How to gather disk usage on a storage system faster than just using "du"?

Tommy picture Tommy · Jun 16, 2014 · Viewed 9k times · Source

I operates a Synology NAS device and the unit includes that over 600 users data.

The users backup data are tax accounting data. So, approximately one user's folder has 200,000 files.

I have to provide their backup data usage informations to each users, but since there are so many directories and files, the du command takes too long to execute.

Could someone provide me a way to check each user's disk usage in a faster way?

Answer

woot picture woot · Jun 16, 2014

There is no magic. In order to gather the disk usage, you'll have to traverse the file system. If you are looking for a method of just doing it at a file system level, that would be easy (just df -h for example)... but it sounds like you want it at a directory level within mount point.

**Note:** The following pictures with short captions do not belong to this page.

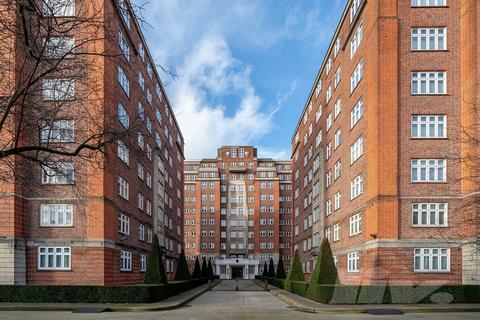 2 bedroom apartment to rent, Hall Road, London NW8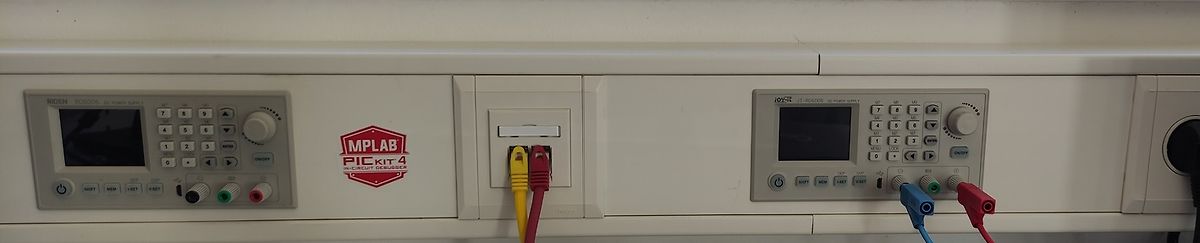 Zwei Labornetzteile und MPLAB PICkit 4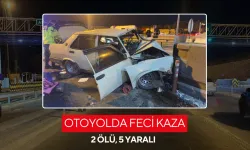 Feci kaza! Otomobil TAG otoyolu gişelerinde beton bariyerlere çarptı: 2 ölü, 5 yaralı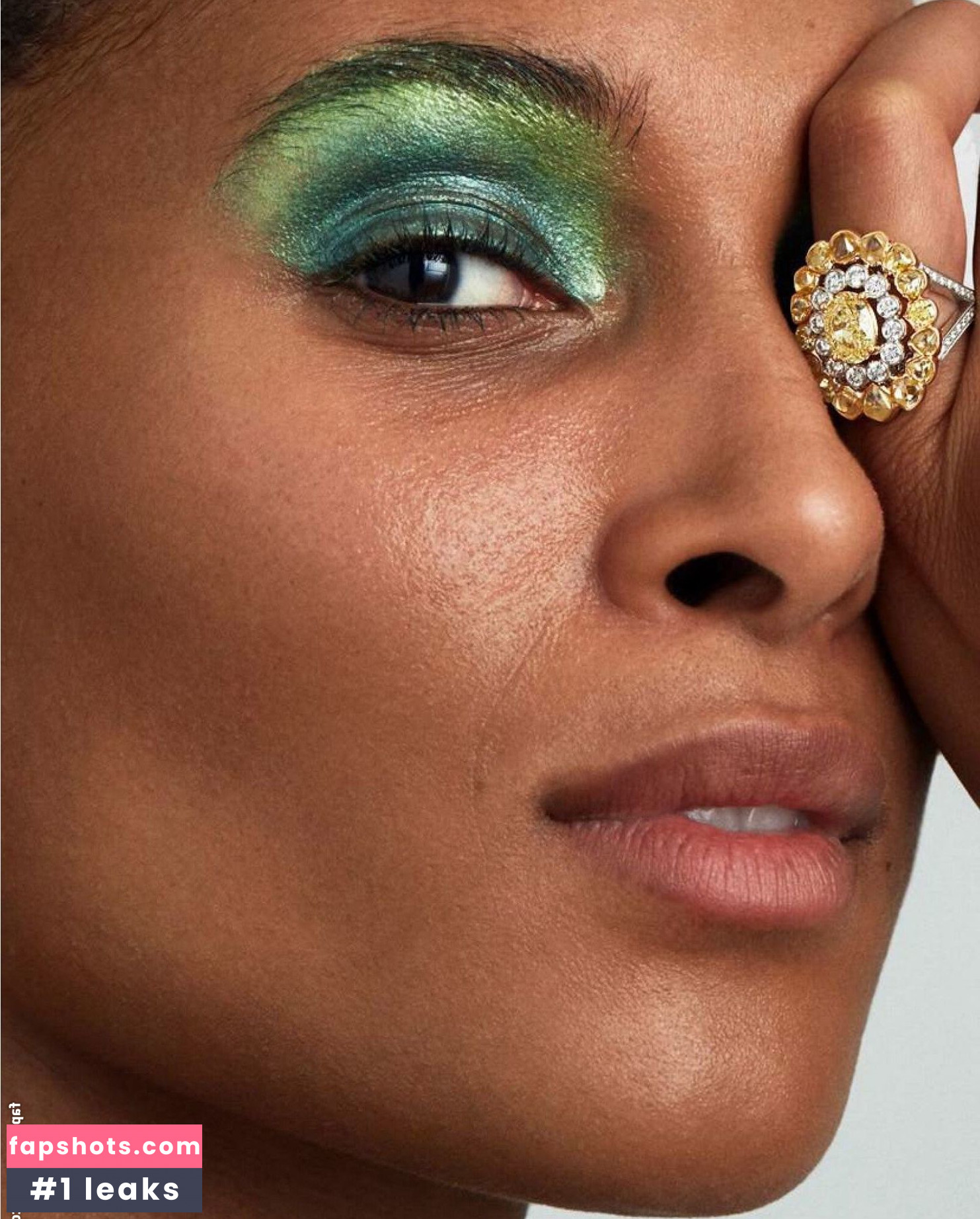 Cindy Bruna gallery photo #364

You could perhaps run jobs in parallel on each directory. For example in bash:

for D in `ls -d */`
do
    du -s $D &
done

wait

But you are likely to be i/o bound, I think. Also, if you have a lot of top-level directories, this method might be... well... rather taxing since it doesn't have any kind of governing of max number of processes.

If you have GNU Parallel installed you can do something like:

ls -d */ | parallel du -s 

...which would be much better. parallel has a lot of nice features like grouping the output, governing the max processes, etc... and you can also pass in some parameters to tweak it some (although, like I mentioned earlier, you'll be i/o bound, so more processes is not better, in fact less than the default may be preferable).

The only other thought I have on this is to perhaps use disk quotas if that is really the point of what you are trying to do. There is a good tutorial here if you want to read about it.